• **Task details**: Using the listing below, set down exactly the lines from the one that contains "SPIDER EVOLUTION 3D RUN" through the one that contains "Elephant Decor Resin", with no pictures.

• **Task material**:
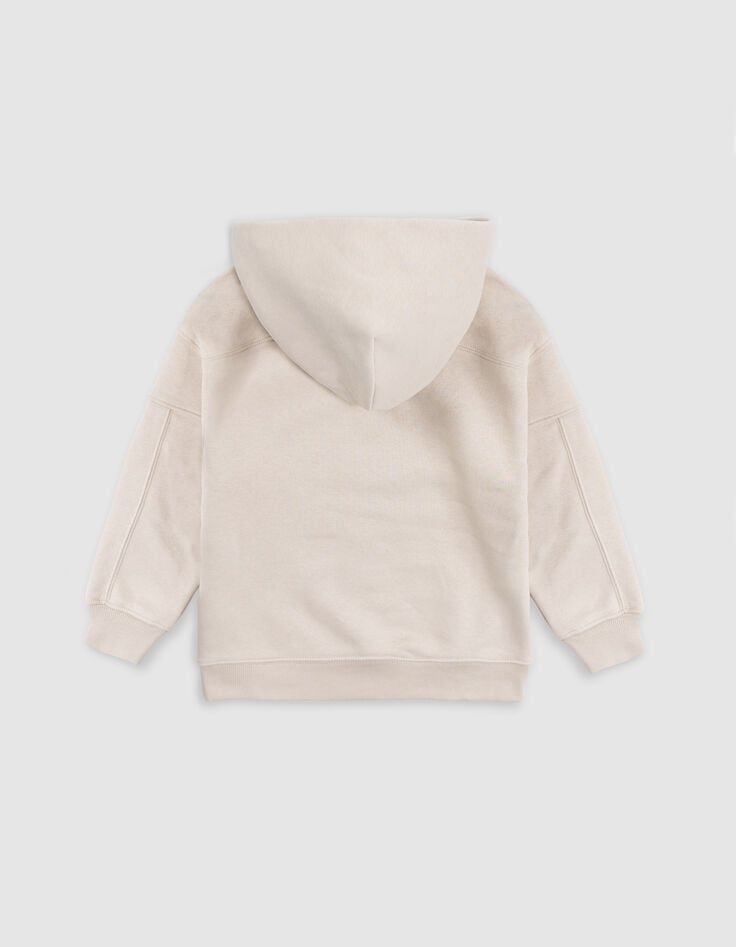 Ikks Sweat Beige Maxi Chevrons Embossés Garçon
--
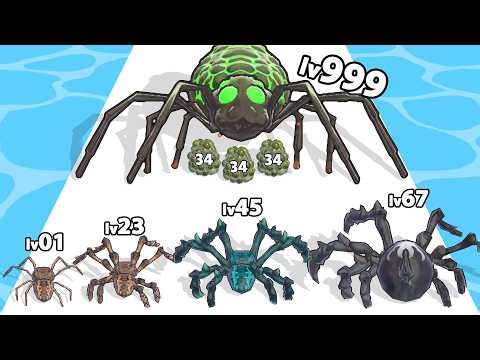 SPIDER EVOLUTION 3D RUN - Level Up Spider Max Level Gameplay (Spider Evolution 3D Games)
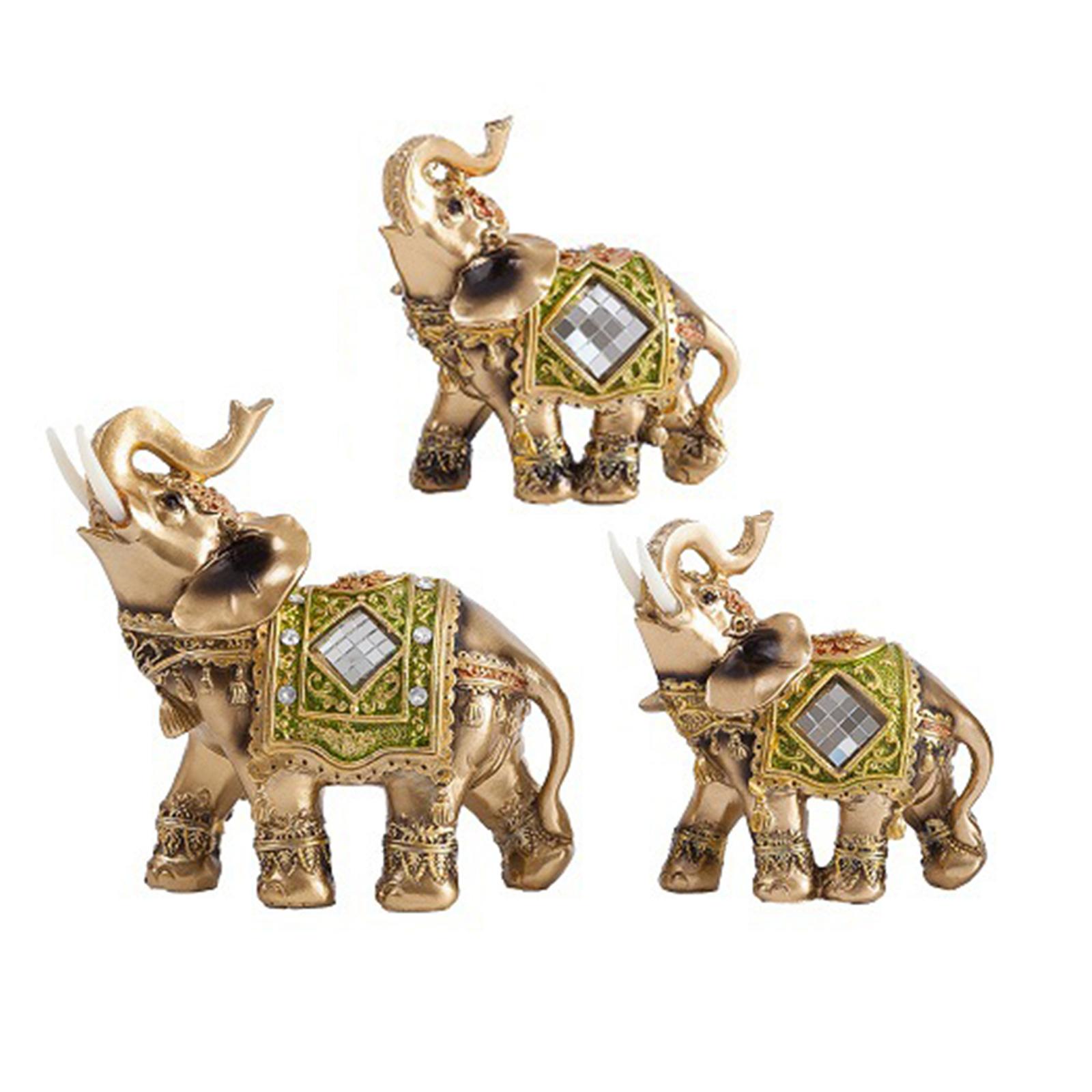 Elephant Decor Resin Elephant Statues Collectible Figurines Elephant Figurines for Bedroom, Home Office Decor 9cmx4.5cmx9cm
* * *
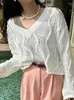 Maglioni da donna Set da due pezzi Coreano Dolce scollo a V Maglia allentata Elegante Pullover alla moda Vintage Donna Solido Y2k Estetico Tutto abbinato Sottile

• **Answer section**:
 SPIDER EVOLUTION 3D RUN - Level Up Spider Max Level Gameplay (Spider Evolution 3D Games)
 Elephant Decor Resin Elephant Statues Collectible Figurines Elephant Figurines for Bedroom, Home Office Decor 9cmx4.5cmx9cm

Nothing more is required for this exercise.